**YOUR TASK:** Every line below from the one containing "In the picture: Woekar" through the one containing "Bacon & Butternut" is to be printed exactly, with the pictures omitted.
=====
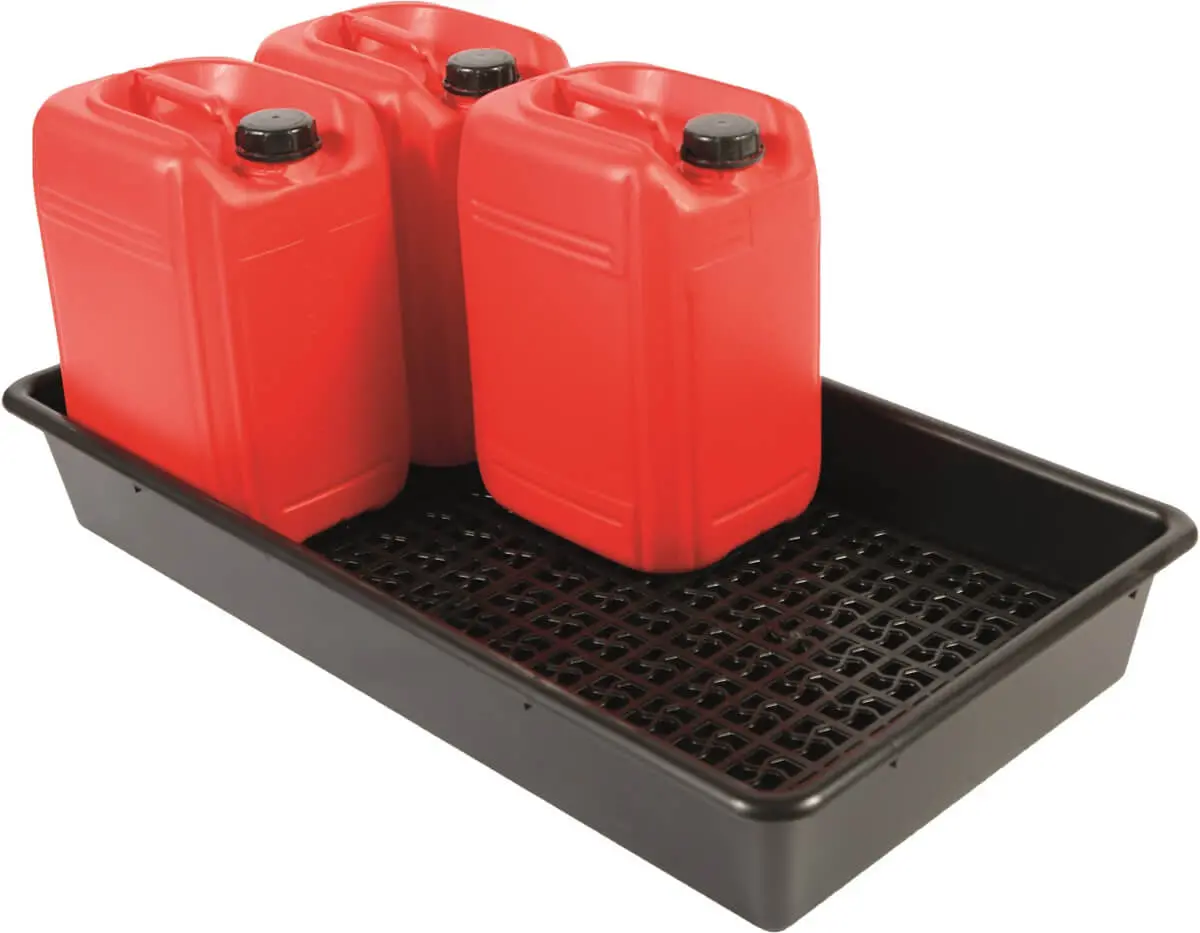 54Ltr Oil And Chemical Spill Tray (6 X 25L Drum) - Up To 200Kg 1
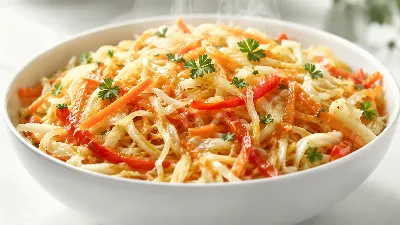 Заливаю капусту горячим маслом: готовлю ароматный салат вкуснее квашеной — и сразу едим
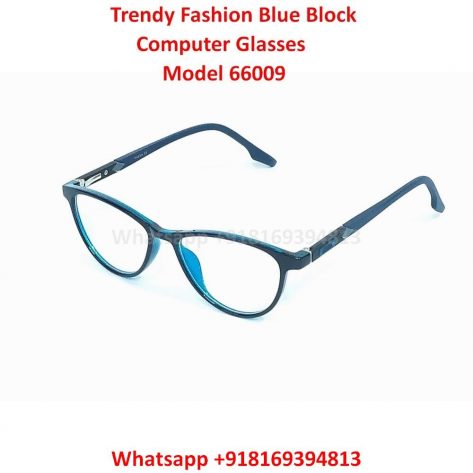 Trendy Fashion Blue Light Blocking Computer Glasses TR66009C6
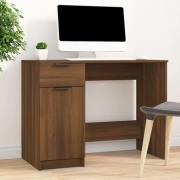 Dunstable Wooden Laptop Desk 1 Door 1 Drawer In Brown Oak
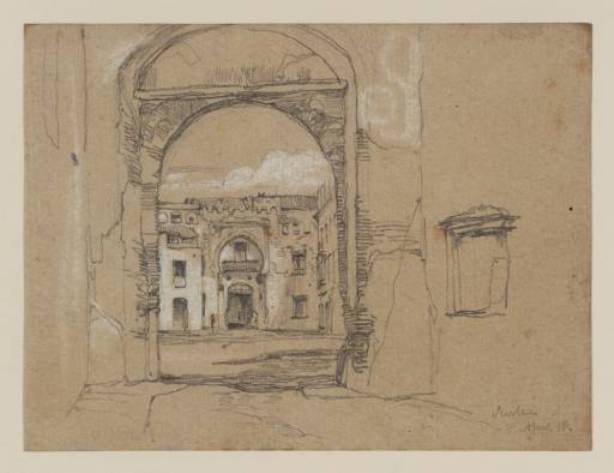 Sheet From A Sketchbook Used In Spain 1 — John Frederick Lewis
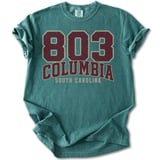 803 Columbia South Carolina Tee thumbnail 13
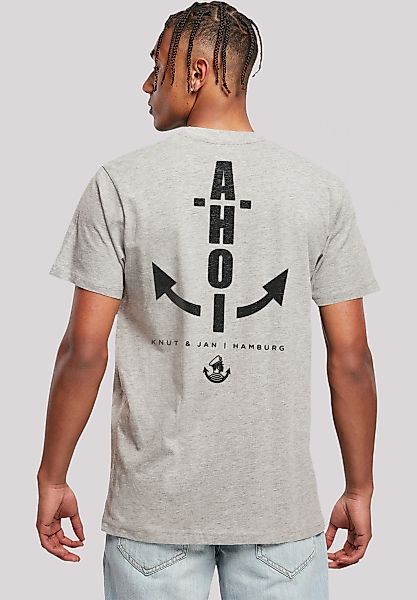 F4NT4STIC T-Shirt "AHOI Knut & Jan Hamburg" Print günstig online kaufen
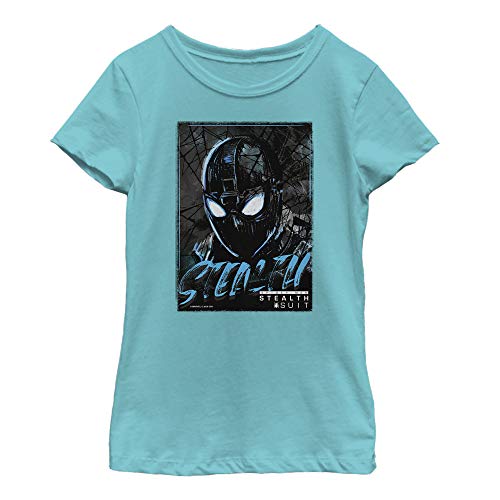 T-shirt Spider-Man Marvel fille bleu idéal pour l'école et le sport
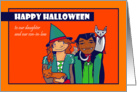 Halloween daughter and our son-in-law - Interracial Couple card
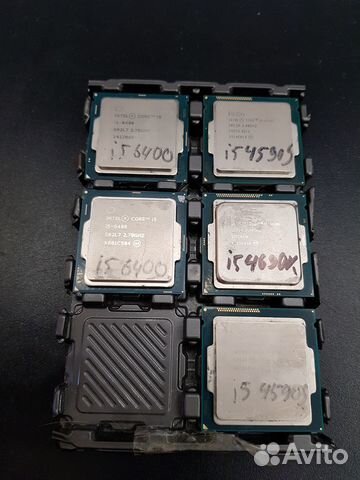 Процессоры i5 6400/7500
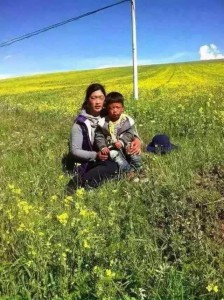 In the picture: Woekar Kyi and her four-year-old son in an undated photo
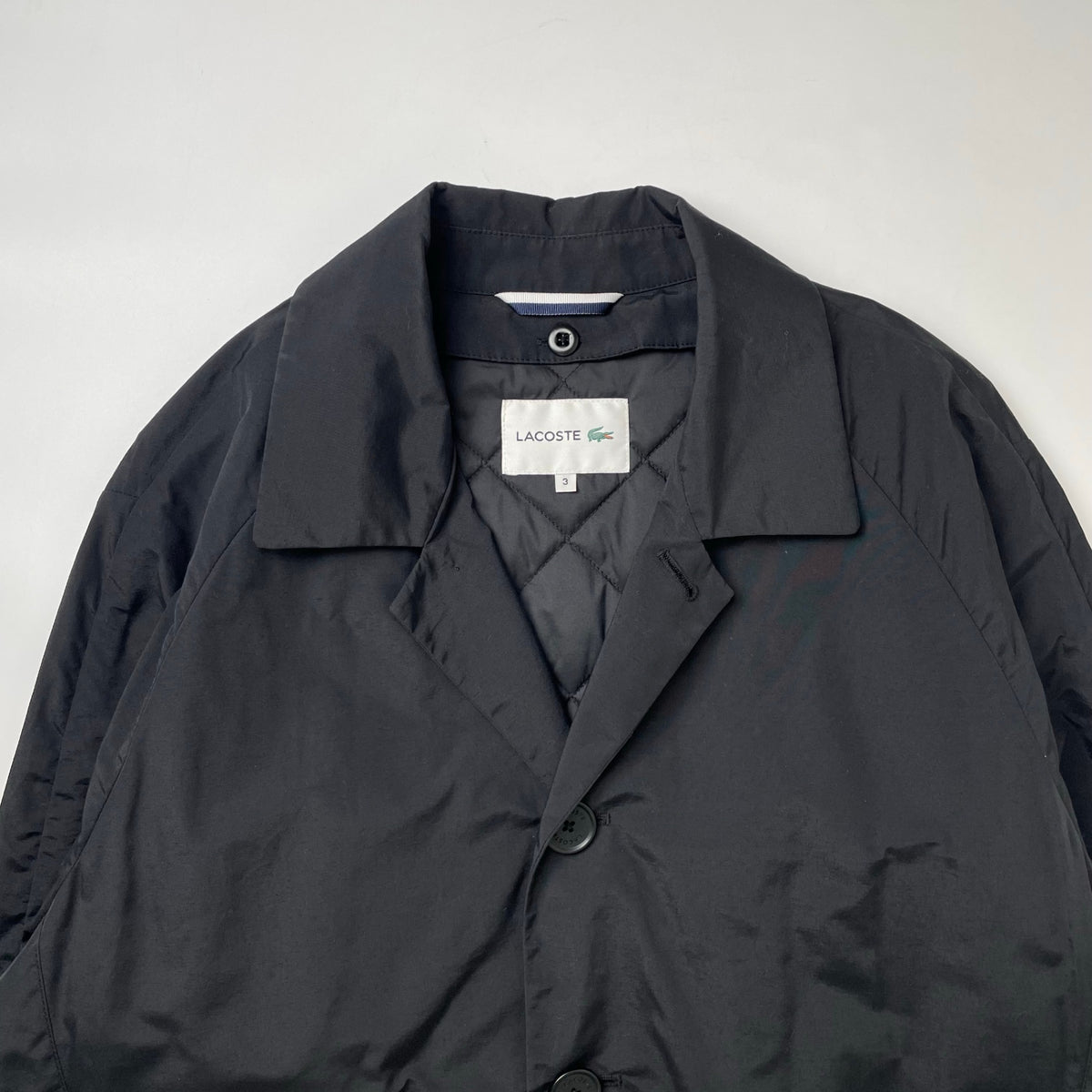 LACOSTE / メモリー素材 3WAY スプリングコート 参考定価：39,000+tax SIZE:3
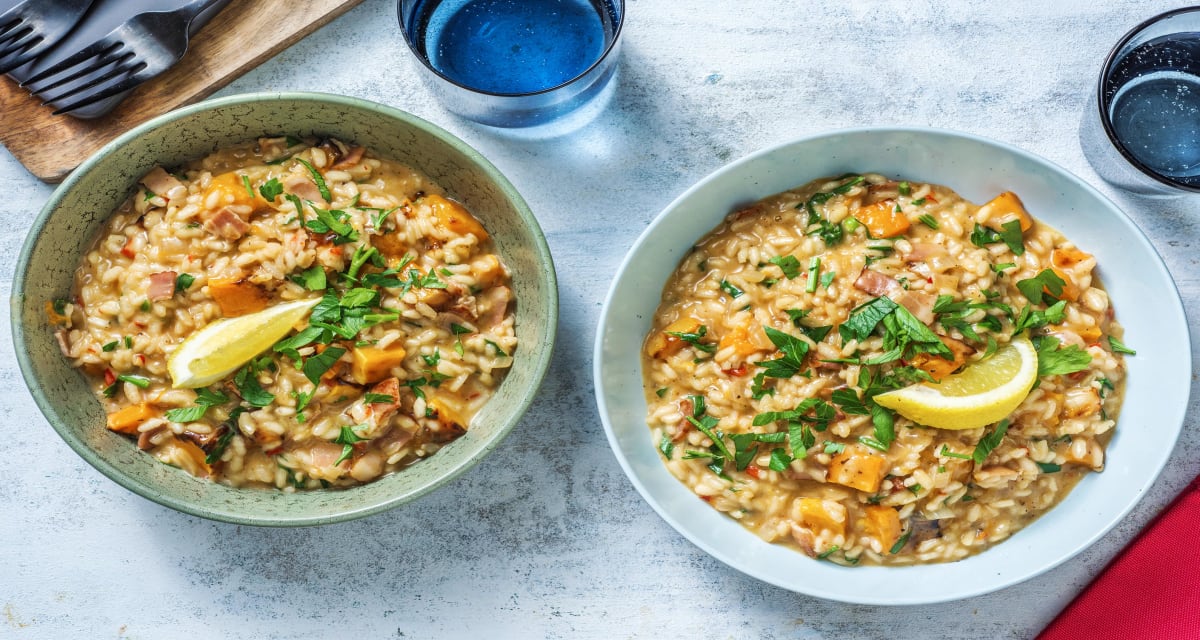 Bacon & Butternut Squash Risotto Recipe HelloFresh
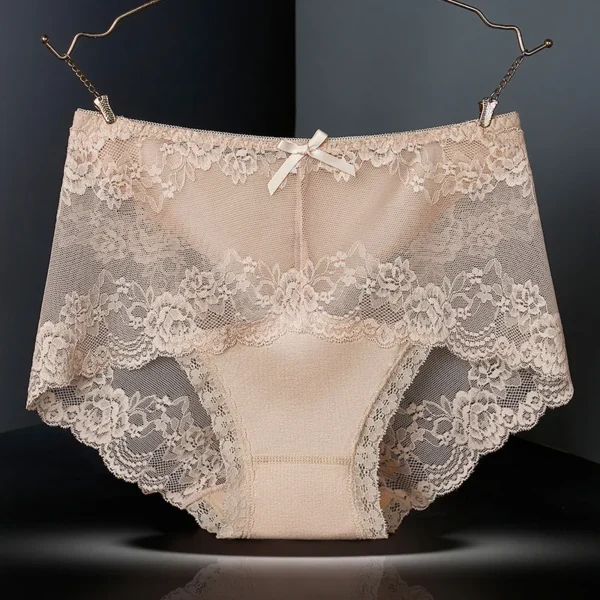 Sous-Vêtements Sexy En Dentelle Pour Femmes, 12 Pièces, Culottes Confortables Et Élégantes, Lingerie Transparente Légère Et Respirante – Image 3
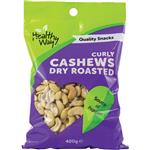 Healthy Way Curly Cashews Dry Roasted 400g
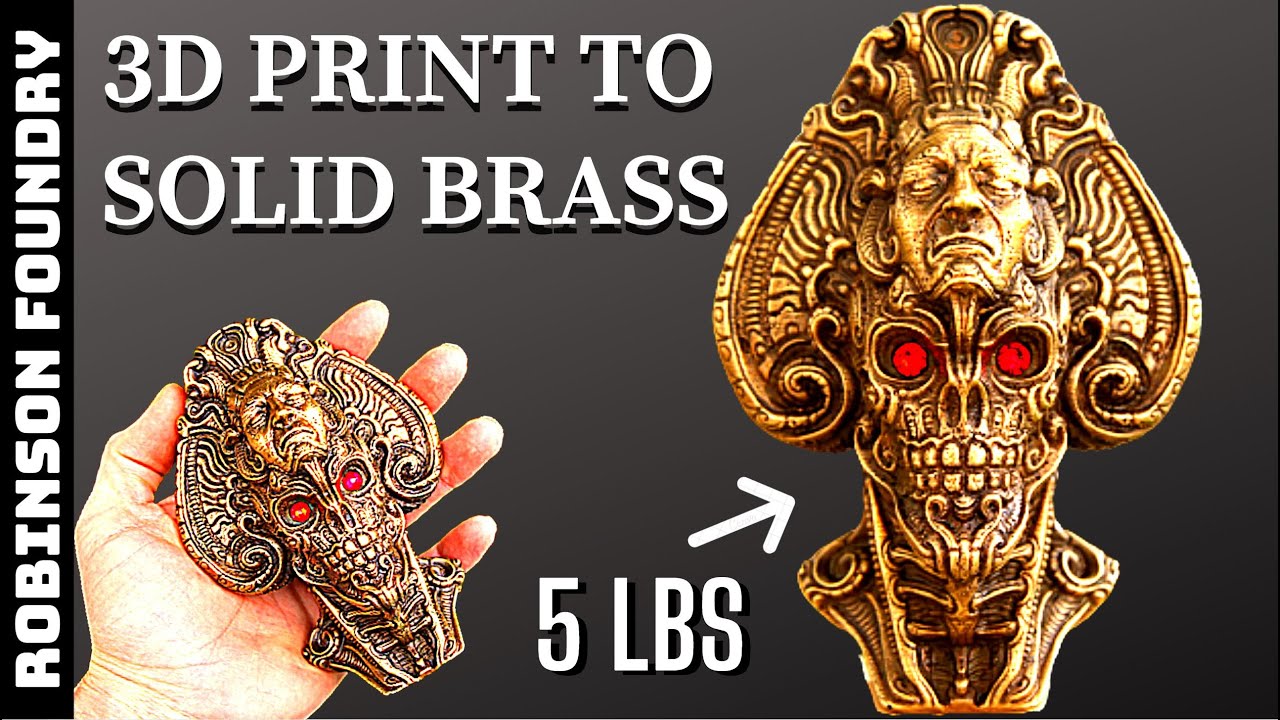 How to turn a 3D PRINT into METAL │ Lost PLA Metal Casting │ ASMR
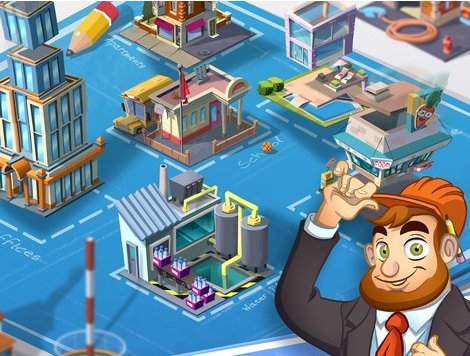 Gameplay screenshot from Build Away Idle City Builder for Android
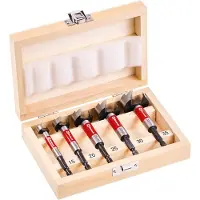 Einhell 461013 Forstnerbohrer-Set 15 mm, 20 mm, 25 mm, 30 mm, 35 mm Gesamtlänge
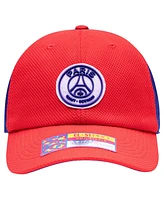 Fan Men's Ink Red/Navy Paris Saint-Germain Striker Adjustable Hat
=====
**TASK RESPONSE:**
 In the picture: Woekar Kyi and her four-year-old son in an undated photo
 LACOSTE / メモリー素材 3WAY スプリングコート 参考定価：39,000+tax SIZE:3
 Bacon & Butternut Squash Risotto Recipe HelloFresh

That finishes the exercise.